1. By passing file-like objects created using the `fsspec/s3fs` library into `astropy.io.fits.open()`, we can already use standard AstroPy features to extract individual HDU extensions from cloud-hosted FITS files in an efficient way.  The header and data sections of HDUs are only transferred from S3 when needed thanks to the existing `lazy_load_hdus` feature of AstroPy. We can start documenting and advertising the use of `s3fs` with AstroPy in this way -- this strategy is already more efficient than downloading entire files for applications which require a single HDU from a large file.

2. Extracting slices of data from a single HDU is not yet possible and will likely require modifications to AstroPy.  Specifically, we need to modify AstroPy's `_File.readarray()` method to return an array-like object that can translate slicing operations into S3 file seek/read calls on the fly.
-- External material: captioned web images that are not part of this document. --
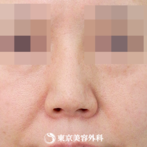 【小鼻縮小(ケーブル法)｜ow7770】メスを使わず女性らしい自然な小鼻にの症例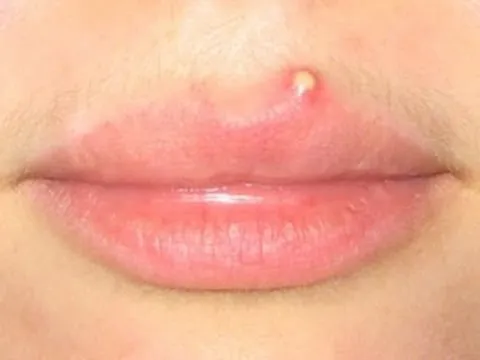 lip acne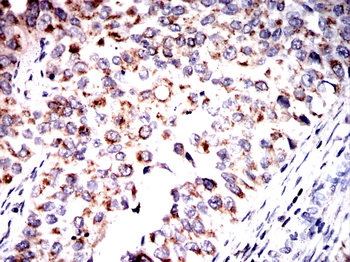 FH Antibody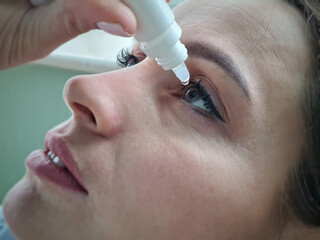 Woman dripping into her eyes with antibacterial drops closeup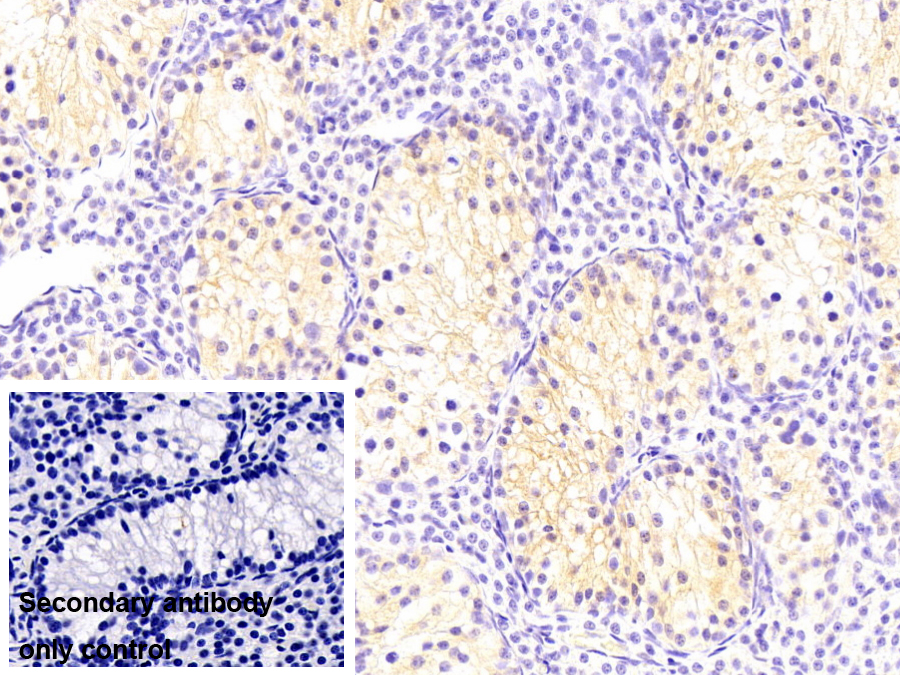 Monoclonal Antibody to Argininosuccinate Synthetase 1 (ASS1)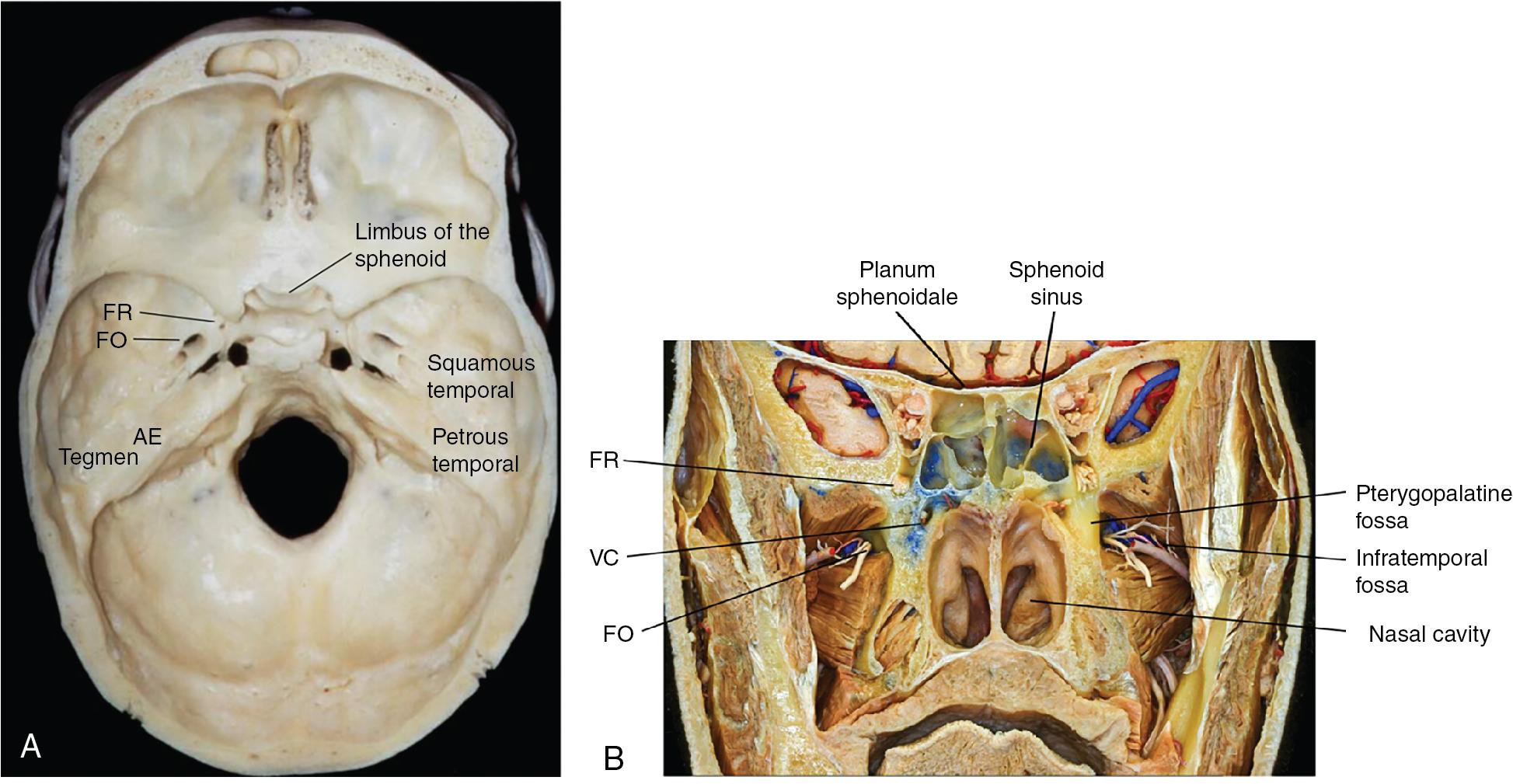 Fig. 34.2, A, Axial view of the middle fossa boundaries and contents. B, Coronal view of the middle fossa. AE, Arcuate eminence; FR, foramen rotundum; FO, foramen ovale; VC, vidian canal.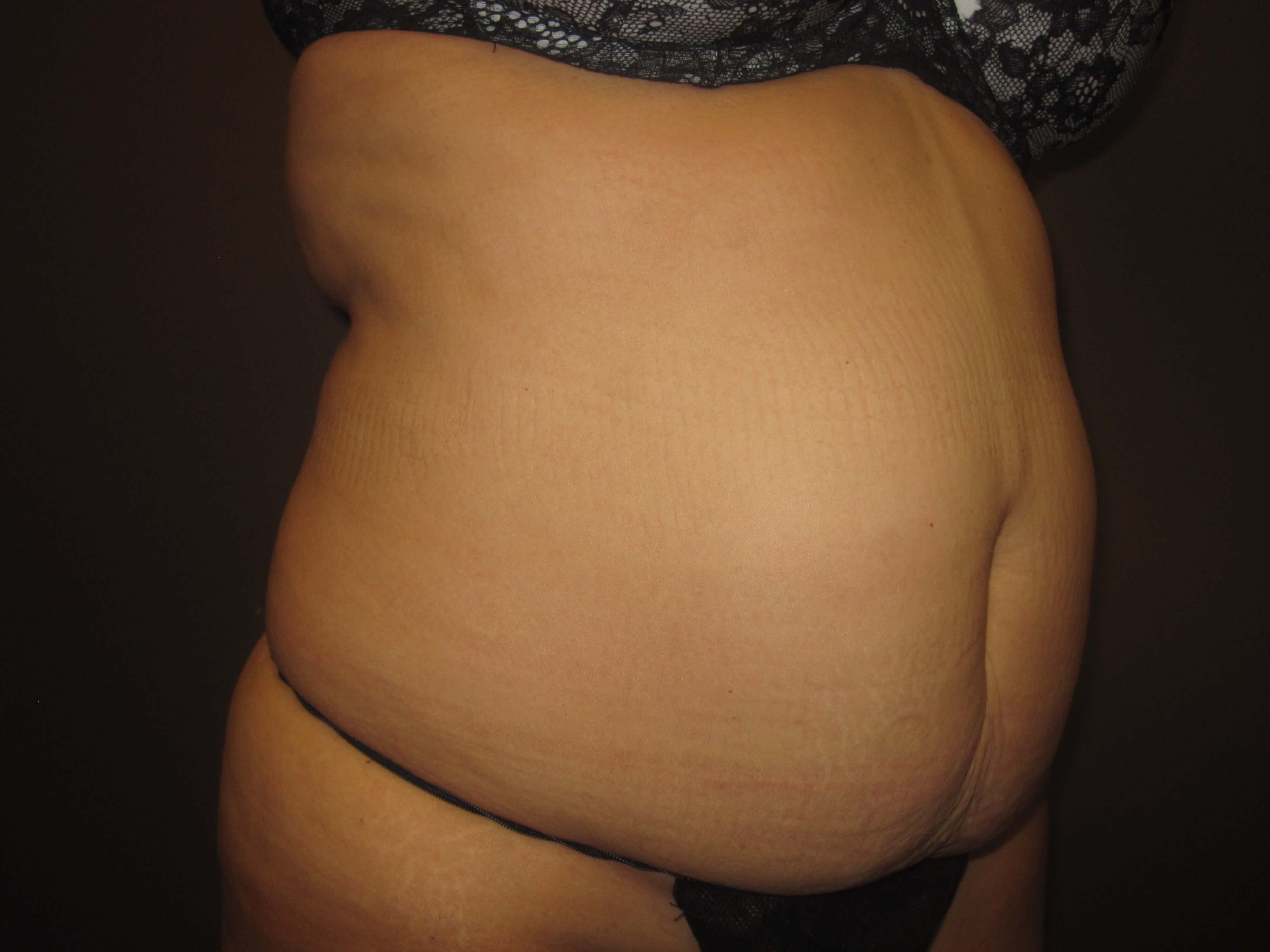 Timeless Tuck Oblique View Before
3. We may not gain much by creating a "central directory" of header information and byte offsets, because AstroPy is already smart about loading HDU header and data sections only when they are needed.


## Footnotes

* The `fitsio` package is a popular alternative to AstroPy.  It is unlikely to work with `fsspec`-based libraries because it is implemented by wrapping the `cfitsio` library. In contrast, `astropy.io.fits` is pure Python with the exception of the compression algorithms.
* HDF5 v1.10.6 and later supports cloud-hosted files in a similar way by providing the [S3 Virtual File Driver](https://portal.hdfgroup.org/display/HDF5/H5P_SET_FAPL_ROS3) (a role fulfilled by `s3fs` in our case).  Like AstroPy, it does not appear to support slicing arrays and it does not benefit from a central directory of metadata.
* The `zarr` Python library natively support slicing arrays hosted in cloud-hosted zarr files.